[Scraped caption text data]
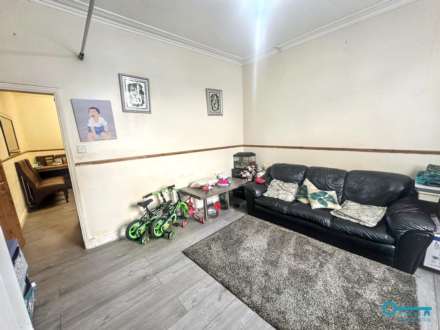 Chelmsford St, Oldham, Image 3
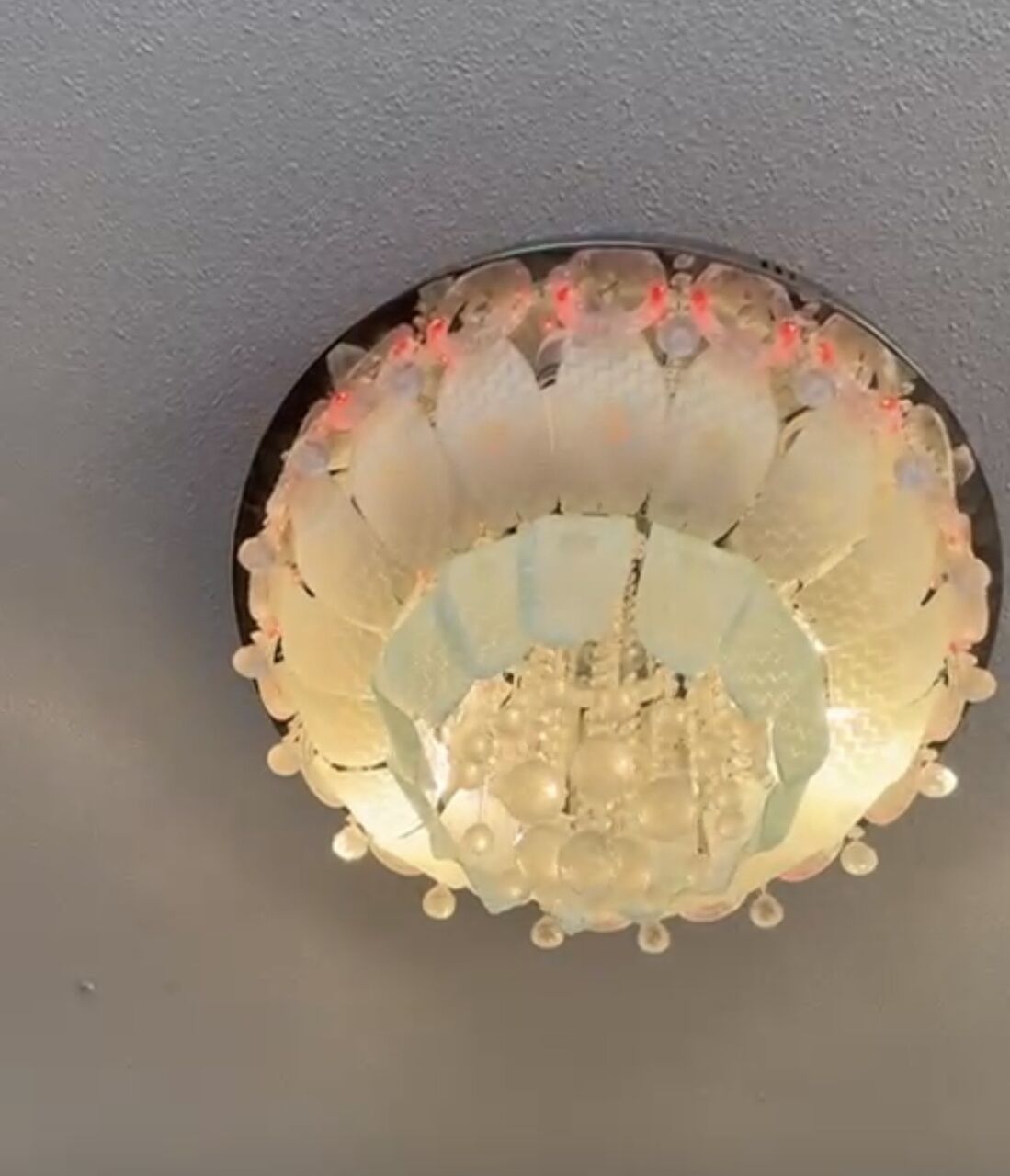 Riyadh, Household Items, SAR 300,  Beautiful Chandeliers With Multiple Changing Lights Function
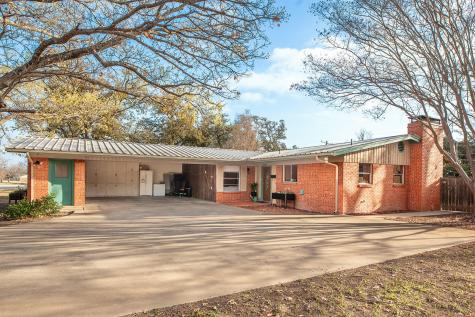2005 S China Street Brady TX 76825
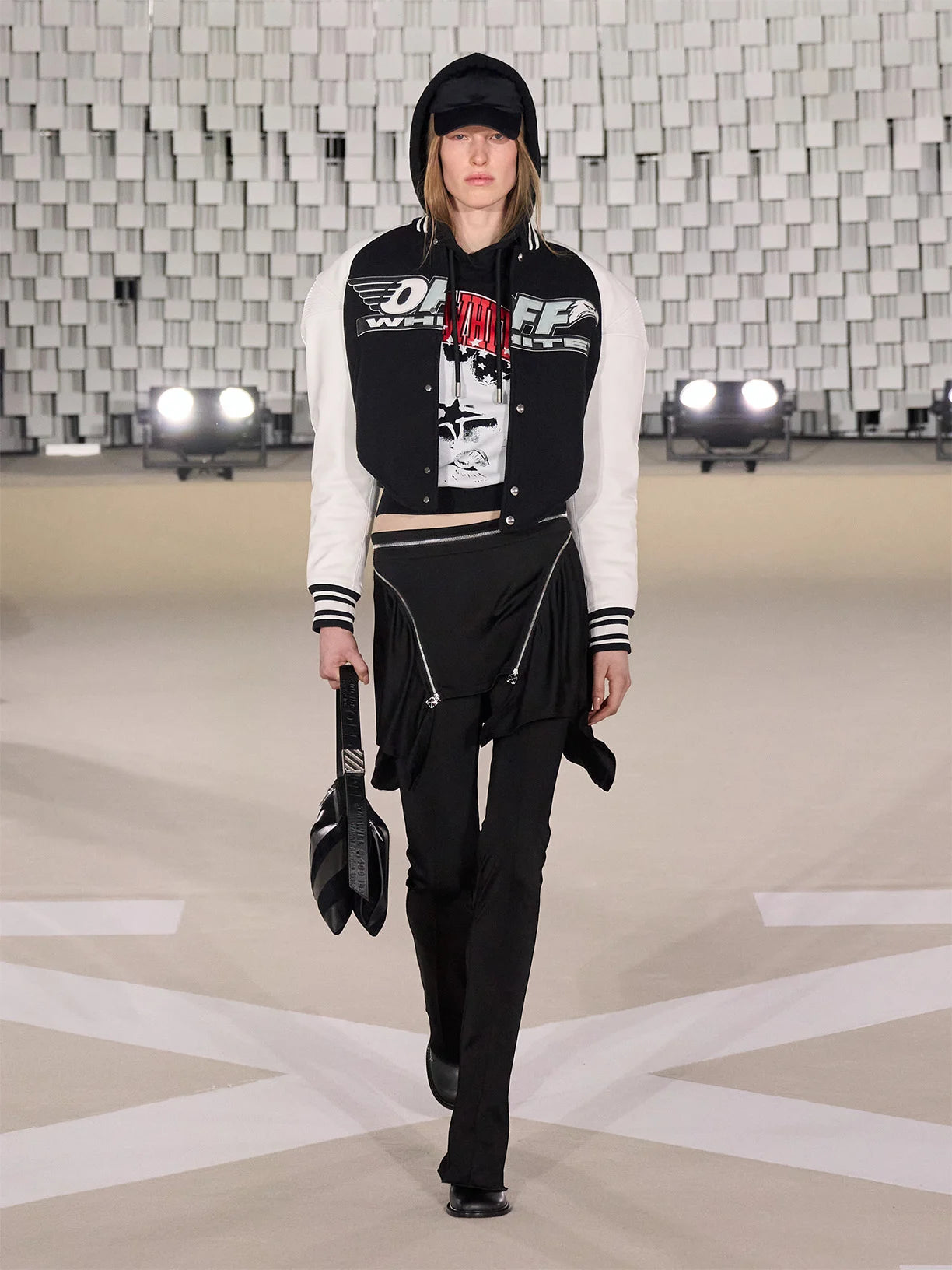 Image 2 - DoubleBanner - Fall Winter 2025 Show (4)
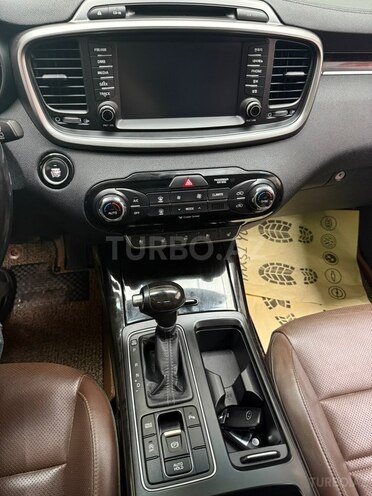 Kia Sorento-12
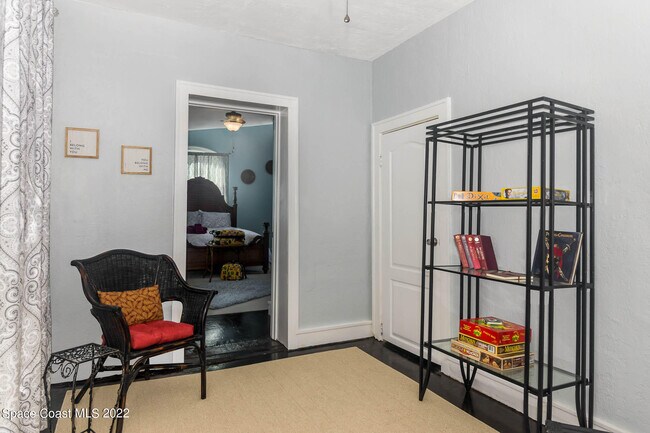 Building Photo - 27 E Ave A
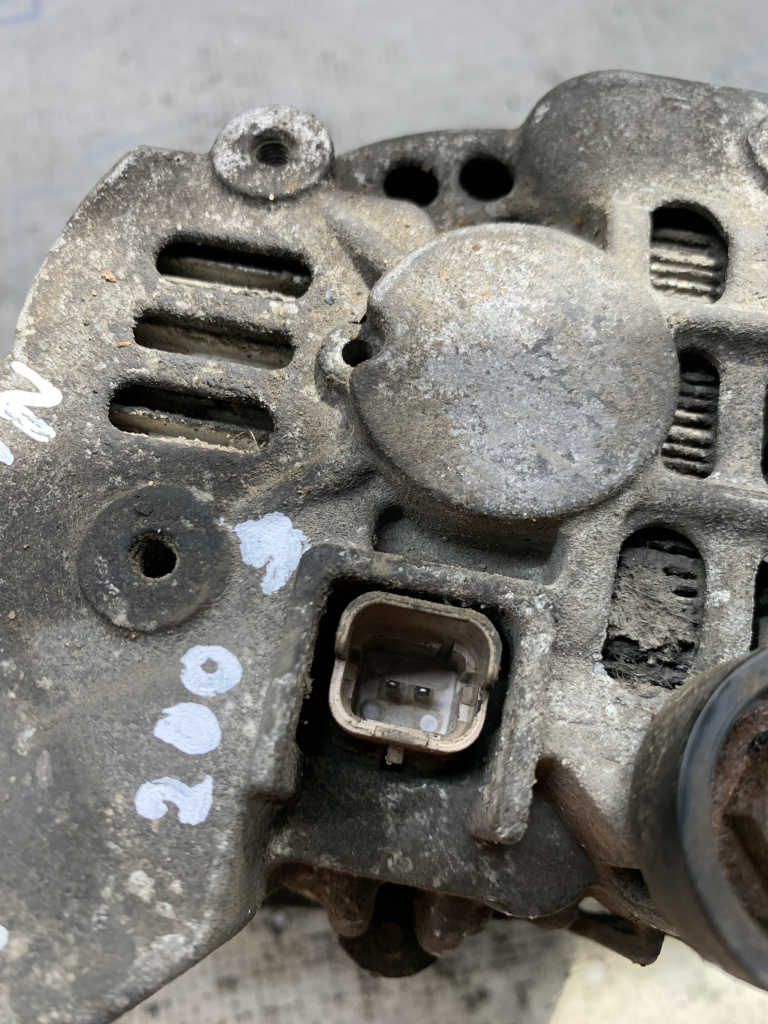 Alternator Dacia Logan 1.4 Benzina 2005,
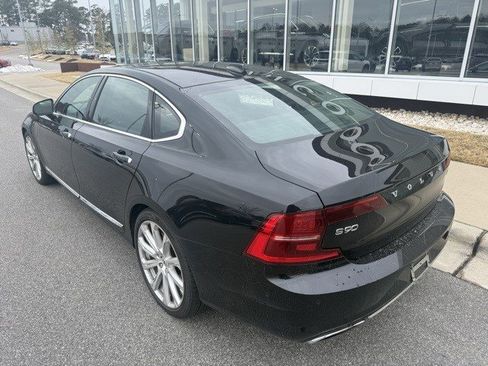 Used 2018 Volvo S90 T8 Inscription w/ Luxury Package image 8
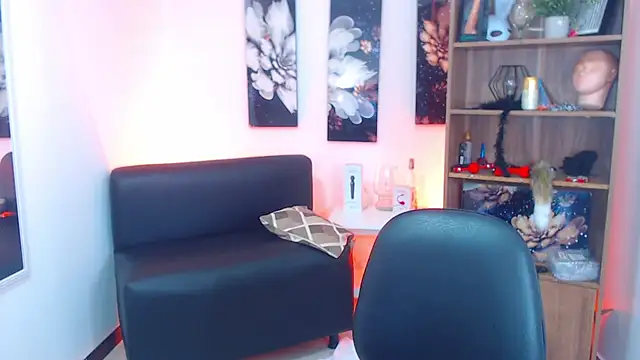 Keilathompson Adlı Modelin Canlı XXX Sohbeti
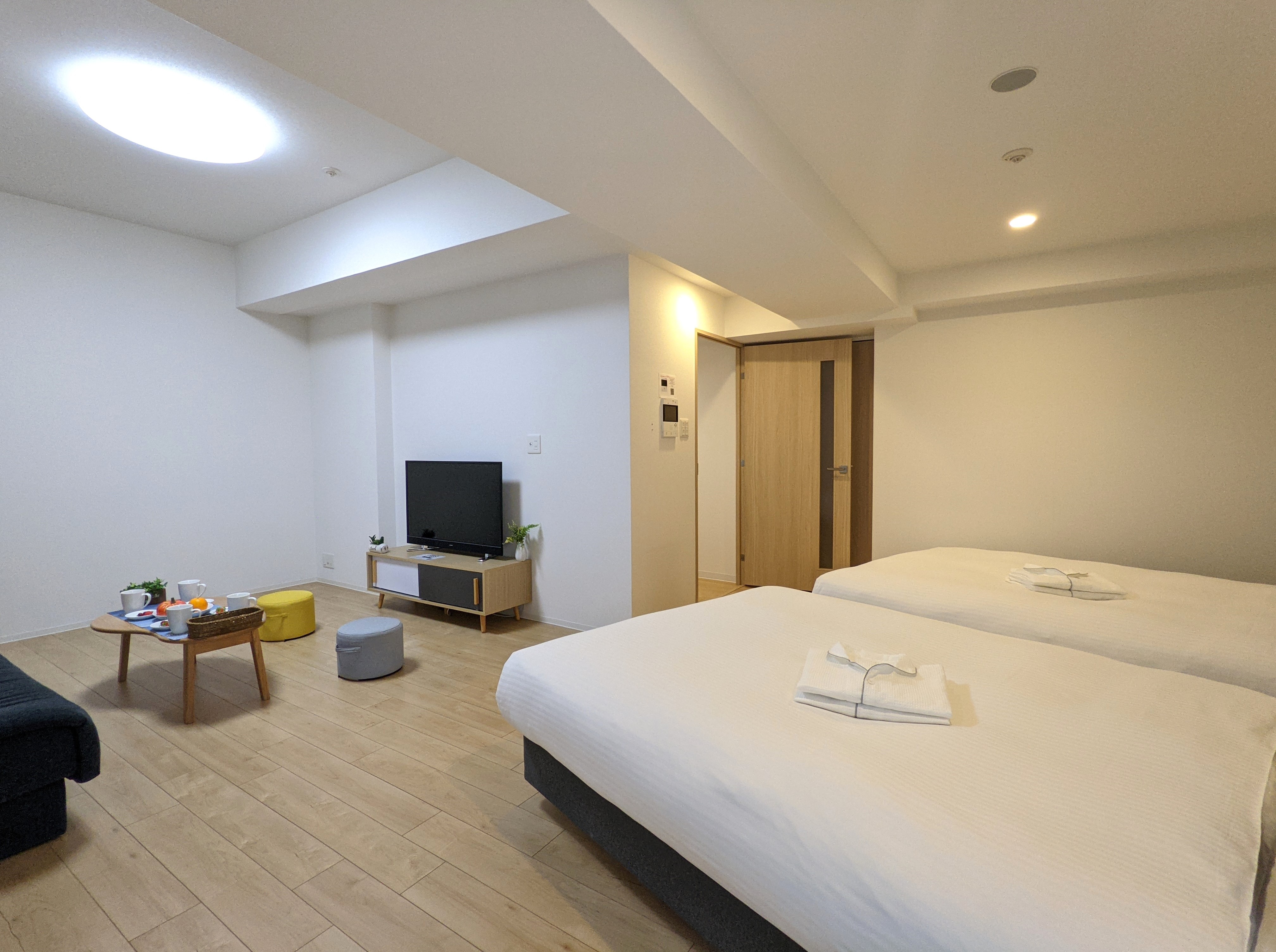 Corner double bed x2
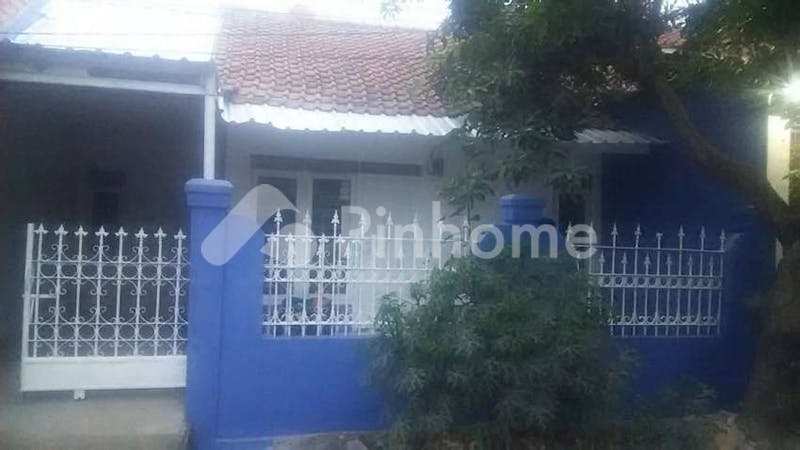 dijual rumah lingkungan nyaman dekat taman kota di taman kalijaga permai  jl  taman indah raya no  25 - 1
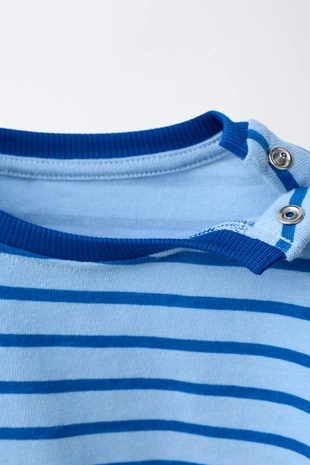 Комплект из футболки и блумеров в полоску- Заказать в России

§ **PROBLEM STATEMENT**
With pictures excluded, reproduce exactly the lines above from the one containing "Used 2018 Volvo" down to the one containing "dijual rumah lingkungan", those two included.

§ **EXERCISE OUTPUT**
 Used 2018 Volvo S90 T8 Inscription w/ Luxury Package image 8
 Keilathompson Adlı Modelin Canlı XXX Sohbeti
 Corner double bed x2
 dijual rumah lingkungan nyaman dekat taman kota di taman kalijaga permai  jl  taman indah raya no  25 - 1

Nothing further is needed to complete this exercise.